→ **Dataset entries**
####################
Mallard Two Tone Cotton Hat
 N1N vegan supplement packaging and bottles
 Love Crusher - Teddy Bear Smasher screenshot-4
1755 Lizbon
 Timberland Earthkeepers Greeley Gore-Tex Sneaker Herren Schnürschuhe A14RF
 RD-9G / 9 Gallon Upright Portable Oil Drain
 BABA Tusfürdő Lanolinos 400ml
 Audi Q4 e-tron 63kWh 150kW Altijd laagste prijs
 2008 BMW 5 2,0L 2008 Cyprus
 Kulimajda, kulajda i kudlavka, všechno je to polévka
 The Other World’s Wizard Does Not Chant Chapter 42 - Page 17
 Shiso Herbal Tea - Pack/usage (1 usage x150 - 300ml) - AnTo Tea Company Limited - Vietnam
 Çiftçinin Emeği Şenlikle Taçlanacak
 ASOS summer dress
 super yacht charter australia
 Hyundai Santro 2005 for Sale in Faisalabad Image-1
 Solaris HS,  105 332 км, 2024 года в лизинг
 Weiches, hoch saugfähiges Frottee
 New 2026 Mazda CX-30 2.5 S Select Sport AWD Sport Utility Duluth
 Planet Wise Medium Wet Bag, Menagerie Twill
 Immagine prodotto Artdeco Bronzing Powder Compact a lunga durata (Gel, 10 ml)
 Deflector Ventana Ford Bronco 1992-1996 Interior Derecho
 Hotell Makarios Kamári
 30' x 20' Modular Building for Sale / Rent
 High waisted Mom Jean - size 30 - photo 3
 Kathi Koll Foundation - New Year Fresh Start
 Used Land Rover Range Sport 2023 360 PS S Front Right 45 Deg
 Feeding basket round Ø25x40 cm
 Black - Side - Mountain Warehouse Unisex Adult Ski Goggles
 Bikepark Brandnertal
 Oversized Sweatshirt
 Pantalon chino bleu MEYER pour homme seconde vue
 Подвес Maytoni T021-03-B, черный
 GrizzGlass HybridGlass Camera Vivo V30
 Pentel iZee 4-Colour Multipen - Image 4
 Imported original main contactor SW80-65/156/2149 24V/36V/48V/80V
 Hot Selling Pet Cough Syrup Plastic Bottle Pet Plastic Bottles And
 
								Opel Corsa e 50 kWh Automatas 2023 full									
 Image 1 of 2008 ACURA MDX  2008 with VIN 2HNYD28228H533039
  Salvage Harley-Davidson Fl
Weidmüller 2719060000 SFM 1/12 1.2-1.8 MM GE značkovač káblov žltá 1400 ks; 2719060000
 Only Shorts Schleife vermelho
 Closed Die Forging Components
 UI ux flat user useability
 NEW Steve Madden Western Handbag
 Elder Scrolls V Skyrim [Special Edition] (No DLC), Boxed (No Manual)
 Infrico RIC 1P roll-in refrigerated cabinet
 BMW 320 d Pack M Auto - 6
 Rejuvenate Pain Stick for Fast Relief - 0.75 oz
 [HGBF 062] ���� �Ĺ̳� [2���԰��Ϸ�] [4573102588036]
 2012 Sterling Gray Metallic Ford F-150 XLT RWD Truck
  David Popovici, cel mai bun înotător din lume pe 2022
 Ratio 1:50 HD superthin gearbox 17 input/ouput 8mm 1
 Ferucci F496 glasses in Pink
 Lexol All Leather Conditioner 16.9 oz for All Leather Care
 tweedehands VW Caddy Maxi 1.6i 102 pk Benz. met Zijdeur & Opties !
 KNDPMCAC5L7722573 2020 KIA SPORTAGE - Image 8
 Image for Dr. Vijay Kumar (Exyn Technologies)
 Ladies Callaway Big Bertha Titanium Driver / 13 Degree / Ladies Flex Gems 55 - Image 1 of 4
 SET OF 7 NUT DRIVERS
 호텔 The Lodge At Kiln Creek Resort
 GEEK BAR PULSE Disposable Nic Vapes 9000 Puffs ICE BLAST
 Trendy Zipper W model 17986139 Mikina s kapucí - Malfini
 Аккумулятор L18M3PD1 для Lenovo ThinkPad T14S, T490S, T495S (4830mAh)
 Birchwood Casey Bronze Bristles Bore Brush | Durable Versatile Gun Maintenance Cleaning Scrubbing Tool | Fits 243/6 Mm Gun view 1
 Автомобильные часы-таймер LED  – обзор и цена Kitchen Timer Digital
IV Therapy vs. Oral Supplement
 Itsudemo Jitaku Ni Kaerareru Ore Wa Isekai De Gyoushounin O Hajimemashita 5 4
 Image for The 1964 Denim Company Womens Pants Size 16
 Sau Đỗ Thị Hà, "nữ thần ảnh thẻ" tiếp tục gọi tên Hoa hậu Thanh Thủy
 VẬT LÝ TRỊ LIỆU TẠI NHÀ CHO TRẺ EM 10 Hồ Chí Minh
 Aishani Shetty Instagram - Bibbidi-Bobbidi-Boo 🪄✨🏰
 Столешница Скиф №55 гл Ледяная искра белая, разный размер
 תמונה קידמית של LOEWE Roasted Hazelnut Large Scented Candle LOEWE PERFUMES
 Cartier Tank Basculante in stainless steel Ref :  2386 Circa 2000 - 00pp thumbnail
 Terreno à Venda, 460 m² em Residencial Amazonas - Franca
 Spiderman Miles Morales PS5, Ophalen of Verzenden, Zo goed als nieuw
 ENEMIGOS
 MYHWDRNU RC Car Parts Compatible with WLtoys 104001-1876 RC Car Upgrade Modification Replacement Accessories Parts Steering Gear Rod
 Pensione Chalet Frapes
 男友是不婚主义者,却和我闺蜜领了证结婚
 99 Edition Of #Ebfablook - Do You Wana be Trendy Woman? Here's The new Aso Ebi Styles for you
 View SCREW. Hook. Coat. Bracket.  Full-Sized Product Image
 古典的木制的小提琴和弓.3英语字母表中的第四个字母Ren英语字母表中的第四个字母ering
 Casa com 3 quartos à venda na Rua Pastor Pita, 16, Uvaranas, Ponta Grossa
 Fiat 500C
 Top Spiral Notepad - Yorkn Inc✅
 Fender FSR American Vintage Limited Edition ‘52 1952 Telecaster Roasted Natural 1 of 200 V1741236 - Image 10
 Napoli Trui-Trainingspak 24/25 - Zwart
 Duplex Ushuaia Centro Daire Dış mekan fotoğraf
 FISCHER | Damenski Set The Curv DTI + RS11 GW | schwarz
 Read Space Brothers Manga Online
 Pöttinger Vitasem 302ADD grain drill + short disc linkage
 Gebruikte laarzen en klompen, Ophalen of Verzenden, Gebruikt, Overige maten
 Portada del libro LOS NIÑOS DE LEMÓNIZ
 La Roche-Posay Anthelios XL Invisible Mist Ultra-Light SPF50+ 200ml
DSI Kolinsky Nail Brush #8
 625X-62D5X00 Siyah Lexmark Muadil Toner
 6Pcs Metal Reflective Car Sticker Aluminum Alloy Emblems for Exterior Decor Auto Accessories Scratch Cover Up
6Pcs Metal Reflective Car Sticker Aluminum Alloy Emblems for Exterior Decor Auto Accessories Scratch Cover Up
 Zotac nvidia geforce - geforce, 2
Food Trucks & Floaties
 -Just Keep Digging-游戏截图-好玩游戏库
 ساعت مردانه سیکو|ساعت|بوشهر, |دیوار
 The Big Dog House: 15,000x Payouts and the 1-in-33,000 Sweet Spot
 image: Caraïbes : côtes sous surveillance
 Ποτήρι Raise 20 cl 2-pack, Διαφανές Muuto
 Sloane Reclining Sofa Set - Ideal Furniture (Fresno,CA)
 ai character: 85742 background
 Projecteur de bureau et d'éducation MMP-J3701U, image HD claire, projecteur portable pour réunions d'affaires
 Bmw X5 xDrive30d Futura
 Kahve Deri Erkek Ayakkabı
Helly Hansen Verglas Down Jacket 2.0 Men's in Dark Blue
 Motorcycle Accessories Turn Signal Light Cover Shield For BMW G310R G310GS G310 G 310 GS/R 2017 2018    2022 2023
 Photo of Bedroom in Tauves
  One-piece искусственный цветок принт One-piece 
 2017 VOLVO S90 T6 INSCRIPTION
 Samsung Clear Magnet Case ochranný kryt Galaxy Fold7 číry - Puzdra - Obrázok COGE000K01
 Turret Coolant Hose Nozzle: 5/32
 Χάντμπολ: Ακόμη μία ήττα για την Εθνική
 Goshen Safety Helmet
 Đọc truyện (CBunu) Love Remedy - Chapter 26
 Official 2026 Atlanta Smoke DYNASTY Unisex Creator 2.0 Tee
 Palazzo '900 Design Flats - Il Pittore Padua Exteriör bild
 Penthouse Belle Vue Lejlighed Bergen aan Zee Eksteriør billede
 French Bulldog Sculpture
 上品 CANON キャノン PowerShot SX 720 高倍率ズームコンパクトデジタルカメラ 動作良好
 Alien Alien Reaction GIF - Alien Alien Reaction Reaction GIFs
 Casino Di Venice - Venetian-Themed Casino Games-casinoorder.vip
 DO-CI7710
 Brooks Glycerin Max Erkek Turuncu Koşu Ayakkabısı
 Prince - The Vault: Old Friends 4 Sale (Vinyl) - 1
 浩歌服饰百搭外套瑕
####################
Restate word for word the lines of the data above, starting at the line containing "Image 1 of 2008" and ending at the line containing "Terreno à Venda, 460", both included, and nothing more.

→ **Your solution**
 Image 1 of 2008 ACURA MDX  2008 with VIN 2HNYD28228H533039
  Salvage Harley-Davidson Fl
Weidmüller 2719060000 SFM 1/12 1.2-1.8 MM GE značkovač káblov žltá 1400 ks; 2719060000
 Only Shorts Schleife vermelho
 Closed Die Forging Components
 UI ux flat user useability
 NEW Steve Madden Western Handbag
 Elder Scrolls V Skyrim [Special Edition] (No DLC), Boxed (No Manual)
 Infrico RIC 1P roll-in refrigerated cabinet
 BMW 320 d Pack M Auto - 6
 Rejuvenate Pain Stick for Fast Relief - 0.75 oz
 [HGBF 062] ���� �Ĺ̳� [2���԰��Ϸ�] [4573102588036]
 2012 Sterling Gray Metallic Ford F-150 XLT RWD Truck
  David Popovici, cel mai bun înotător din lume pe 2022
 Ratio 1:50 HD superthin gearbox 17 input/ouput 8mm 1
 Ferucci F496 glasses in Pink
 Lexol All Leather Conditioner 16.9 oz for All Leather Care
 tweedehands VW Caddy Maxi 1.6i 102 pk Benz. met Zijdeur & Opties !
 KNDPMCAC5L7722573 2020 KIA SPORTAGE - Image 8
 Image for Dr. Vijay Kumar (Exyn Technologies)
 Ladies Callaway Big Bertha Titanium Driver / 13 Degree / Ladies Flex Gems 55 - Image 1 of 4
 SET OF 7 NUT DRIVERS
 호텔 The Lodge At Kiln Creek Resort
 GEEK BAR PULSE Disposable Nic Vapes 9000 Puffs ICE BLAST
 Trendy Zipper W model 17986139 Mikina s kapucí - Malfini
 Аккумулятор L18M3PD1 для Lenovo ThinkPad T14S, T490S, T495S (4830mAh)
 Birchwood Casey Bronze Bristles Bore Brush | Durable Versatile Gun Maintenance Cleaning Scrubbing Tool | Fits 243/6 Mm Gun view 1
 Автомобильные часы-таймер LED  – обзор и цена Kitchen Timer Digital
IV Therapy vs. Oral Supplement
 Itsudemo Jitaku Ni Kaerareru Ore Wa Isekai De Gyoushounin O Hajimemashita 5 4
 Image for The 1964 Denim Company Womens Pants Size 16
 Sau Đỗ Thị Hà, "nữ thần ảnh thẻ" tiếp tục gọi tên Hoa hậu Thanh Thủy
 VẬT LÝ TRỊ LIỆU TẠI NHÀ CHO TRẺ EM 10 Hồ Chí Minh
 Aishani Shetty Instagram - Bibbidi-Bobbidi-Boo 🪄✨🏰
 Столешница Скиф №55 гл Ледяная искра белая, разный размер
 תמונה קידמית של LOEWE Roasted Hazelnut Large Scented Candle LOEWE PERFUMES
 Cartier Tank Basculante in stainless steel Ref :  2386 Circa 2000 - 00pp thumbnail
 Terreno à Venda, 460 m² em Residencial Amazonas - Franca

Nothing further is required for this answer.